Devoid of Principle: What Alexander Hamilton Can Teach Us About Trump

In the months leading up to the last election, I happened to be reading Ron Chernow’s biography of Alexander Hamilton and was struck by some of the similarities between the 2016 presidential election and that of 1800. As a result, I wrote the following essay. My intended audience was the undecided voter. If you like history, I think you’ll find it interesting (it may also appeal to Broadway fans since Chernow’s book is also the inspiration for the hit Hamilton musical). Without further ado:

Alexander Hamilton and Thomas Jefferson bitterly disagreed on nearly every major policy decision. While Hamilton supported a Federalist vision of commerce-based economy with strong financial institutions, Jefferson advocated the Republican dream of an agrarian-based society of diffusive state power.

Even while serving together in George Washington’s cabinet, they both undertook viciously personal campaigns to attack one another in leading newspapers. Without exaggeration, they were political archenemies both during and after the Washington administration.

Amazingly, however, Hamilton advocated for a Jefferson presidency during the 1800 election. What could account for Hamilton’s surprising reversal? The answer was Aaron Burr.

Hamilton had watched Burr’s rise in New York politics with great trepidation. He quickly realized that Burr would do or say almost anything for the sake of political convenience.

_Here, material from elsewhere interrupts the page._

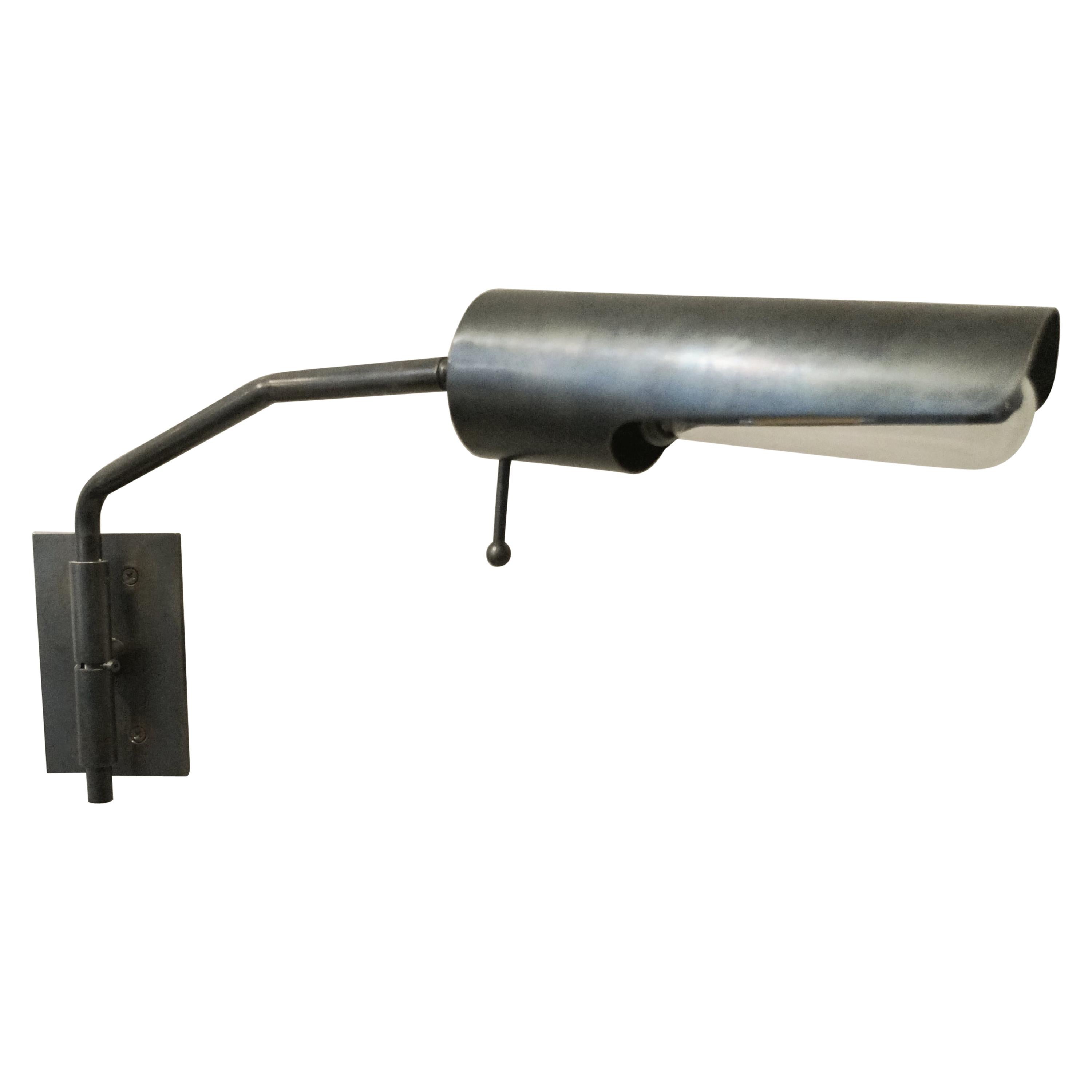 Switch One-Arm Wall Sconce - patinated brass im Angebot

In other words, he was a man devoid of principle. The most important political issue for Aaron Burr was the promotion of Aaron Burr.

When Jefferson and Burr tied in the 1800 presidential election, Burr refused to yield to Jefferson despite a prior assumption that Burr would serve as vice president. As a result, the Federalist-controlled Congress was cast in the role of deal-maker.

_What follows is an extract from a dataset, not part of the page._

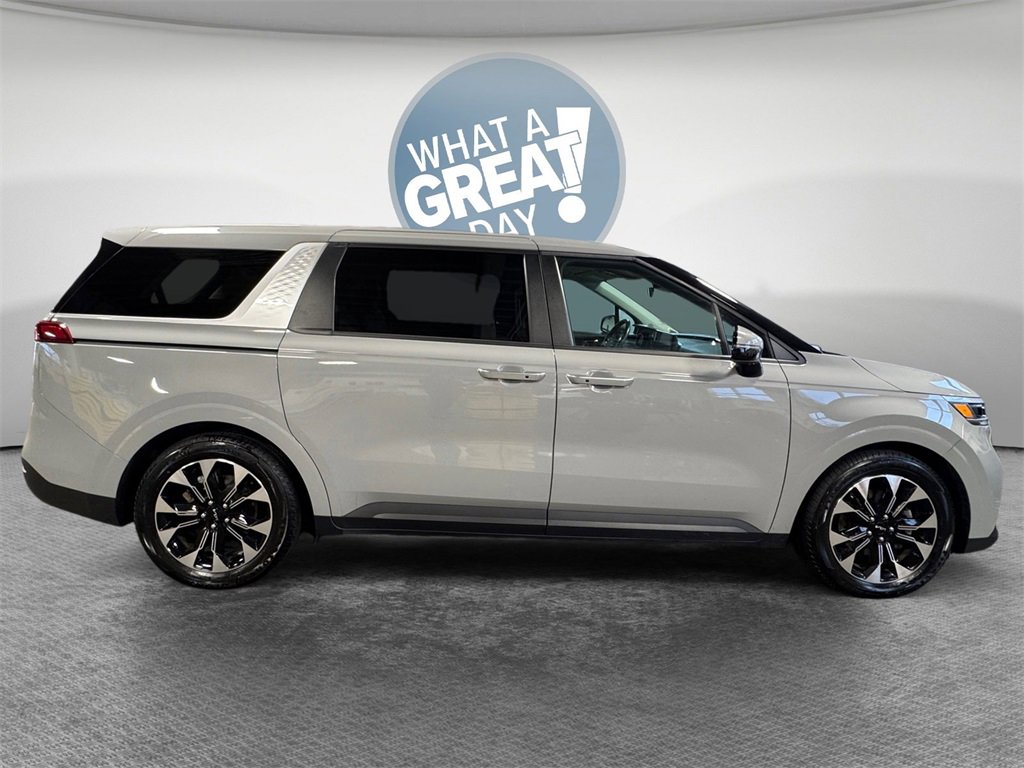 Certified 2024 Kia Carnival EX image 2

Enter: Hamilton. Hamilton disagreed bitterly with Jefferson’s political principles. But Hamilton recognized that Jefferson had principles. For Hamilton, the choice was difficult but clear. It is better to support a man who opposes all of your principles than to support a man who has none at all. To that end, he fervently penned letters to his fellow Federalists advocating for a Jefferson presidency. Once in power, Jefferson proved far less radical than Hamilton and the Federalists had feared. He did not dismantle the national bank or abolish all internal taxes as he once advocated. Instead, the practical realities of governing in the best interests of the nation forged a more moderate executive.

With history as a guide, I turn to the present election. Donald Trump is a man of no principles. The stances he has taken have changed so rapidly over the years and even over a single election cycle that no one can be sure of what he actually believes. The man has espoused diametrically opposed views in single sentences. He has changed his stances on, to name but a few policy areas, immigration, national security, reproductive rights, gun control, and even the role of government itself. We have no idea what he actually stands for. The only constant is the political expediency of his scantily explained, shifting positions. Like Burr, Trump’s only concern is the promotion of himself.

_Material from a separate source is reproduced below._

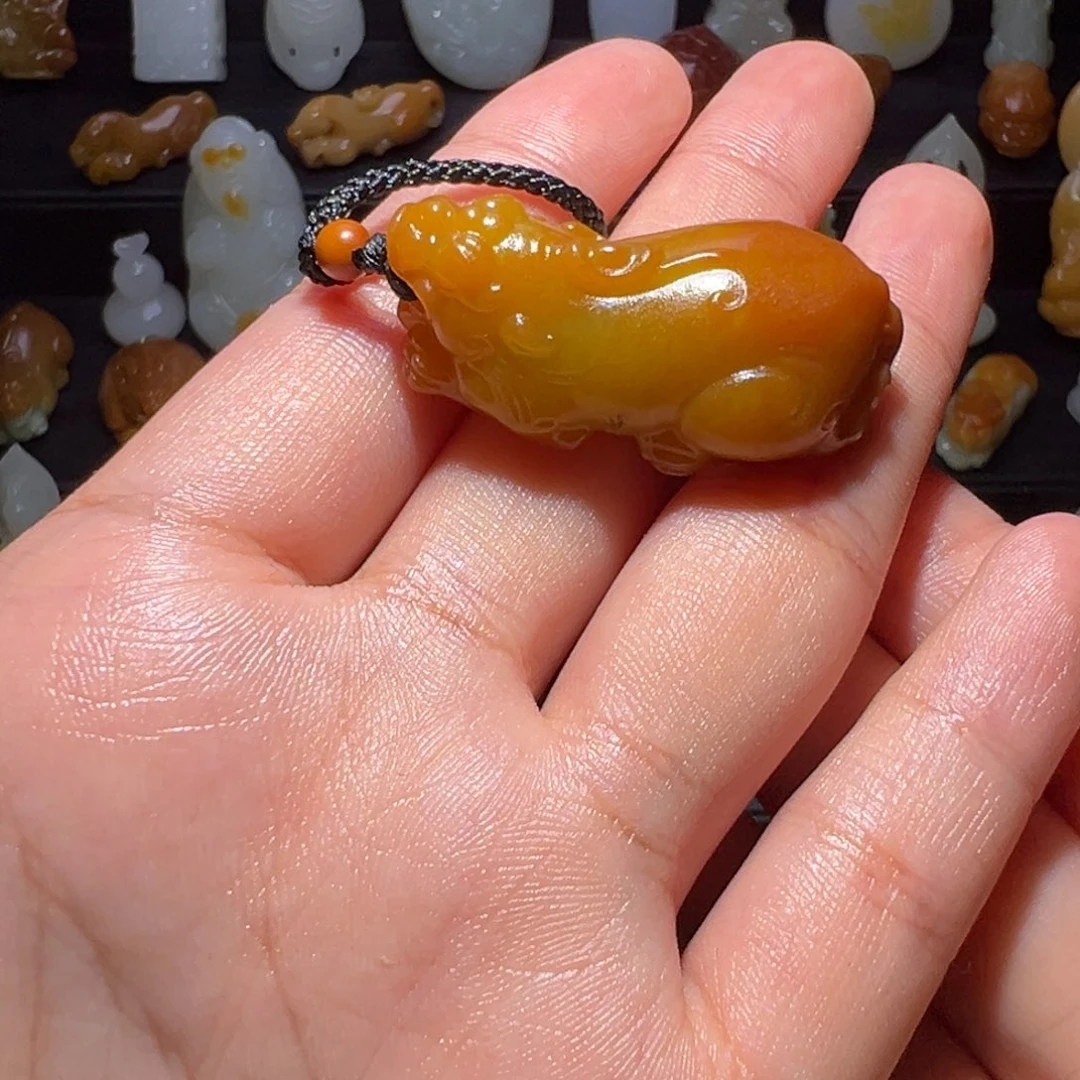 板***甜和田玉未镶嵌颈饰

Electing an individual whose only principle is the aggrandizement of his own power paves the path towards tyranny. Trump is a demagogue who uses fear to achieve his aims. We have seen this before. From ancient Athens to the 21st century, demagoguery has led to the denigration of government and even the downfall of democracies.

Remember that a nation gains strength from her institutions, and institutions gain strength from age. Remember too that our Republic is relatively young, and so, therefore, are our institutions.

Those pillars of democracy- freedom of the press, an independent judiciary, and even the presidency itself- are at risk. Donald Trump has openly expressed a desire to curtail free speech, admitted to a willingness to use the legal system to prosecute political enemies and even scores, and called into question our electoral system itself.

Democracy is not a given. It must be protected. It must be preserved. Don’t let animosity towards Hillary Clinton blind you. Engage. Fight.